WORKING DATA.
┌──
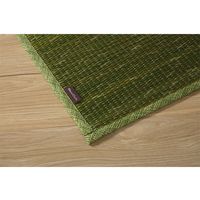 イケヒコ NCXクリア い草ラグ 1900×3000mm グリーン 1070480125003 1枚（直送品）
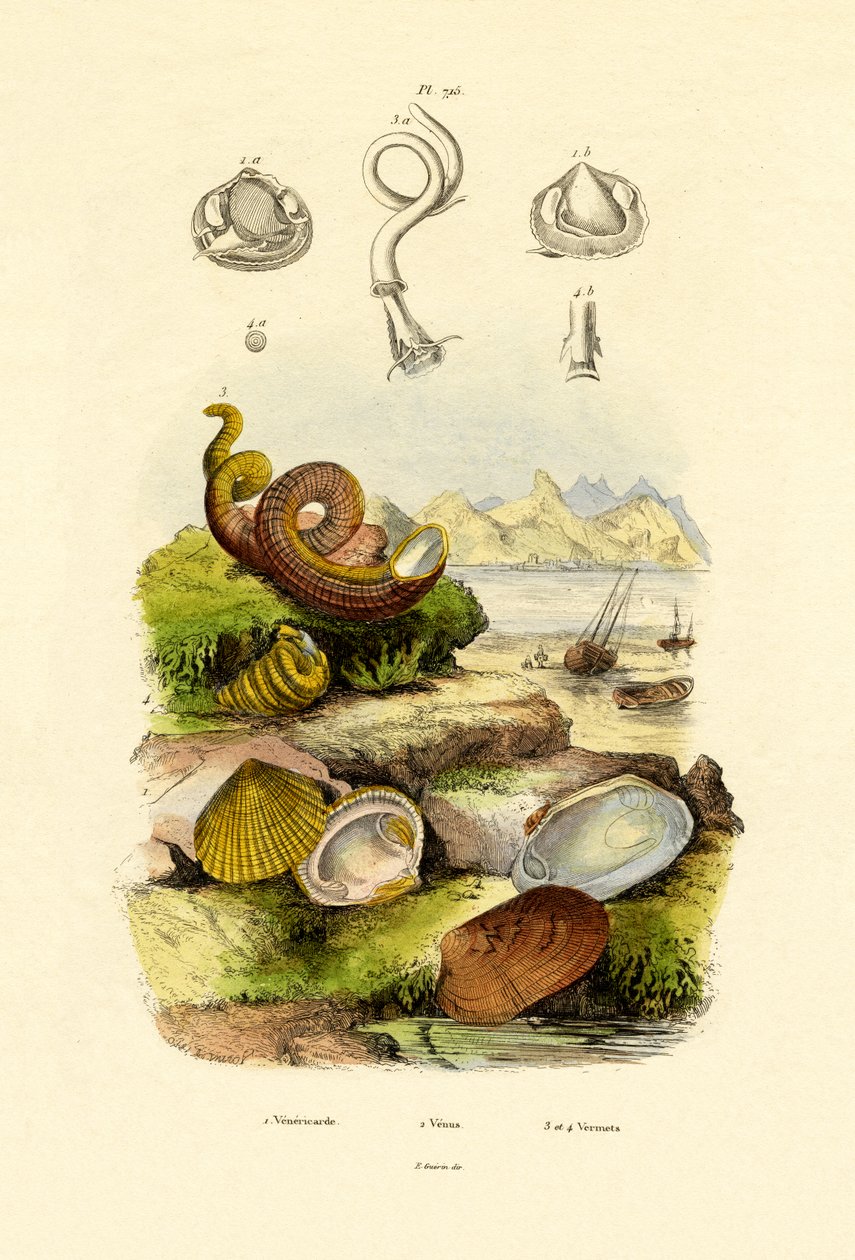 Shells by French School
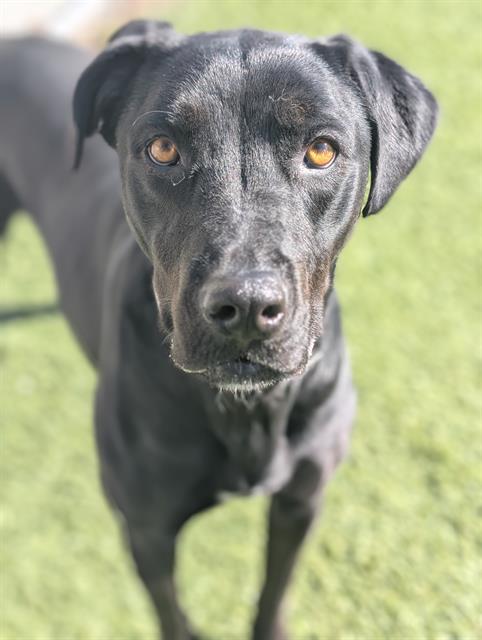 Enlarge STELLA, a Adoptable mixed breed in Downey, CA image 1/1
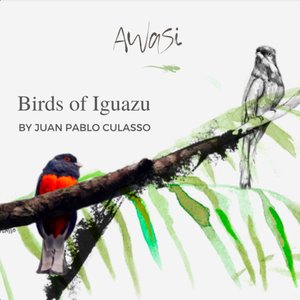 'Birds of Iguazu'の画像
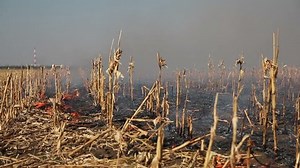 Corn Field On Firefire Cornfield After Stock Footage Video (100% Royalty-free) 2864641 | Shutterstock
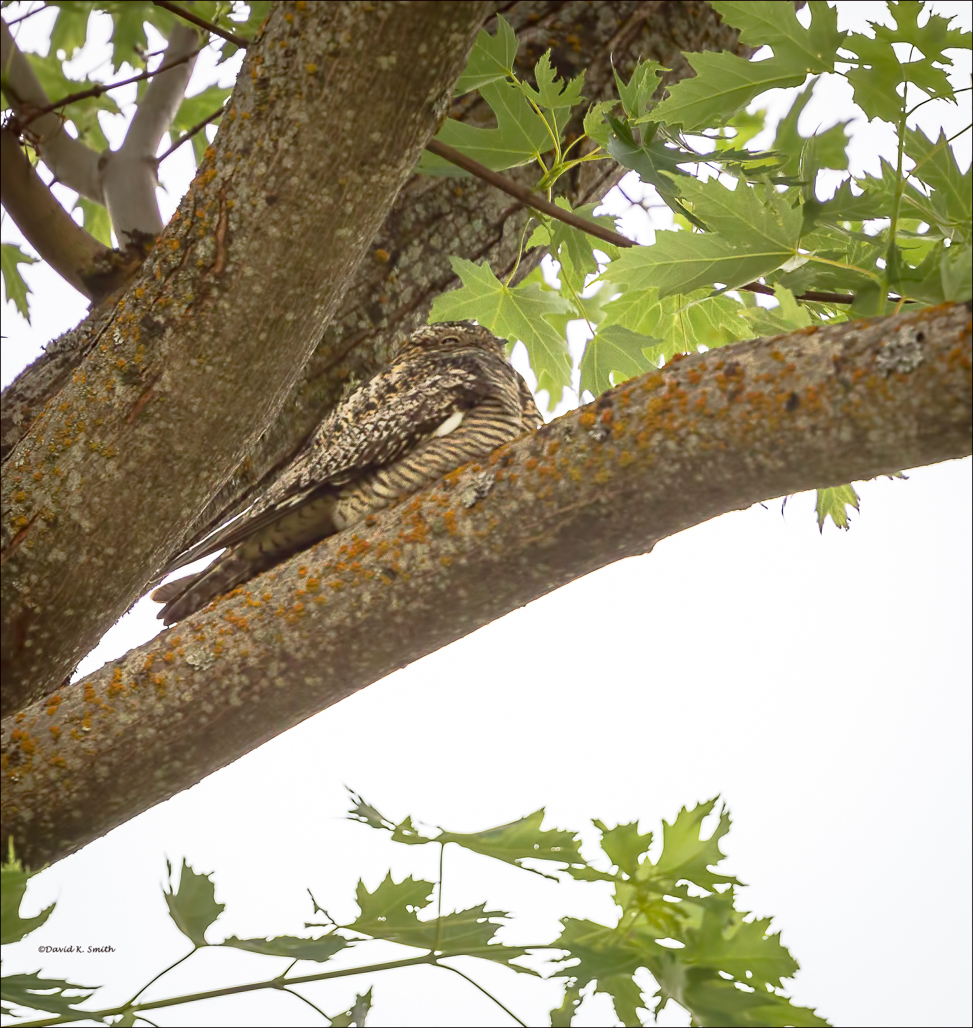 Common nighthawk, Lincoln Co. WA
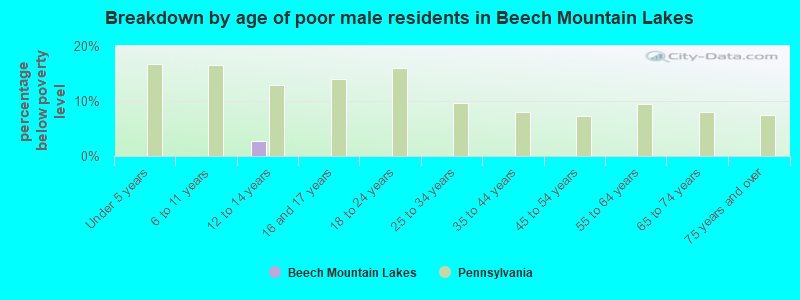 Breakdown by age of poor male residents in Beech Mountain Lakes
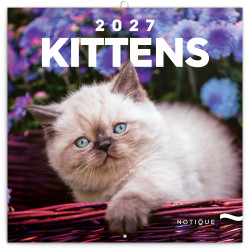 Falinaptár képes lemeznaptár 300x300mm, Kittens Realsystem 2027. Falinaptár Realsystem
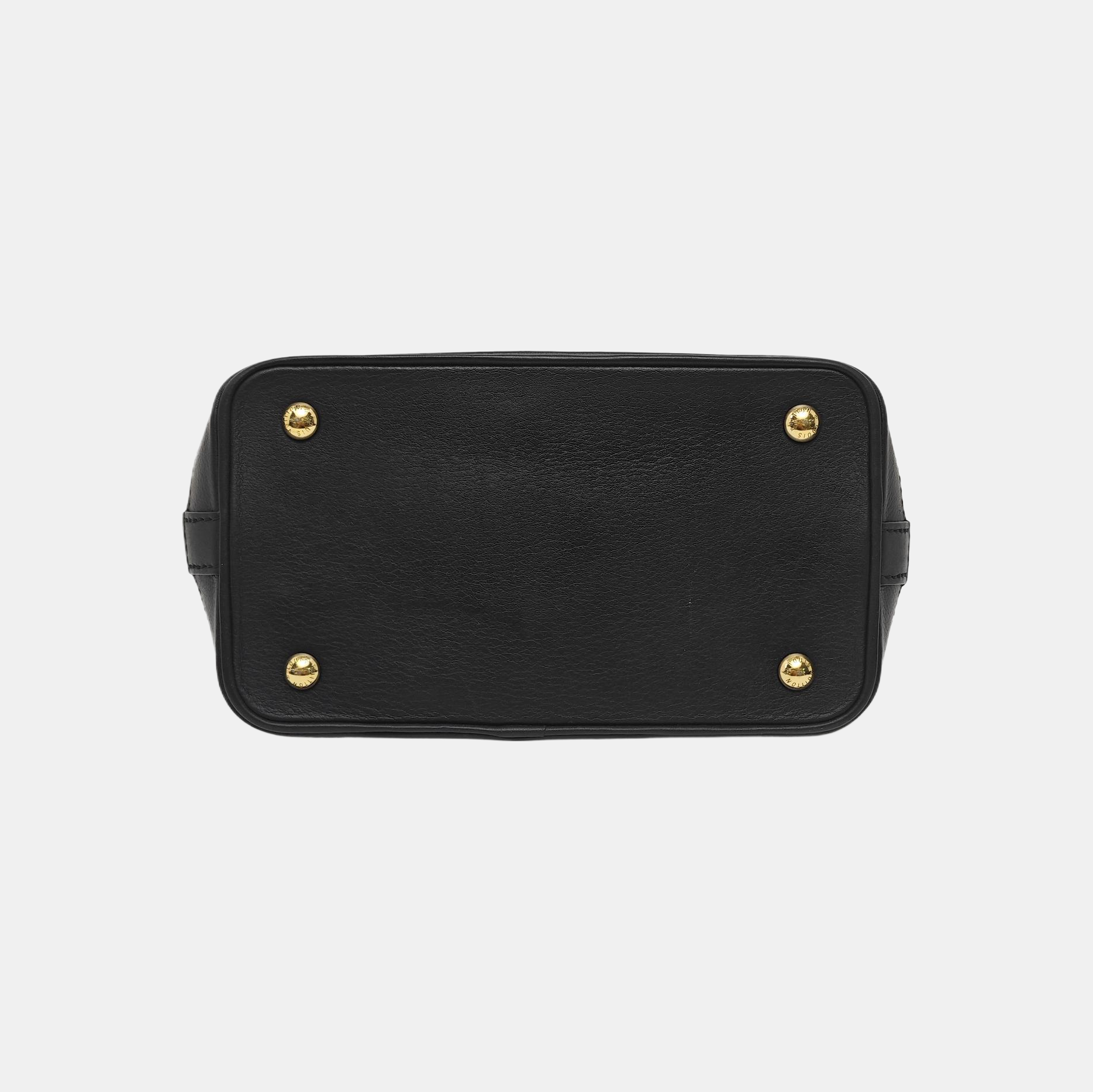CRUISER PM Monogram Calfskin Black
└──
ACTIVITY.
Skip the images and restate each record above word for word.

RESULT.
 イケヒコ NCXクリア い草ラグ 1900×3000mm グリーン 1070480125003 1枚（直送品）
 Shells by French School
 Enlarge STELLA, a Adoptable mixed breed in Downey, CA image 1/1
 'Birds of Iguazu'の画像
 Corn Field On Firefire Cornfield After Stock Footage Video (100% Royalty-free) 2864641 | Shutterstock
 Common nighthawk, Lincoln Co. WA
 Breakdown by age of poor male residents in Beech Mountain Lakes
 Falinaptár képes lemeznaptár 300x300mm, Kittens Realsystem 2027. Falinaptár Realsystem
CRUISER PM Monogram Calfskin Black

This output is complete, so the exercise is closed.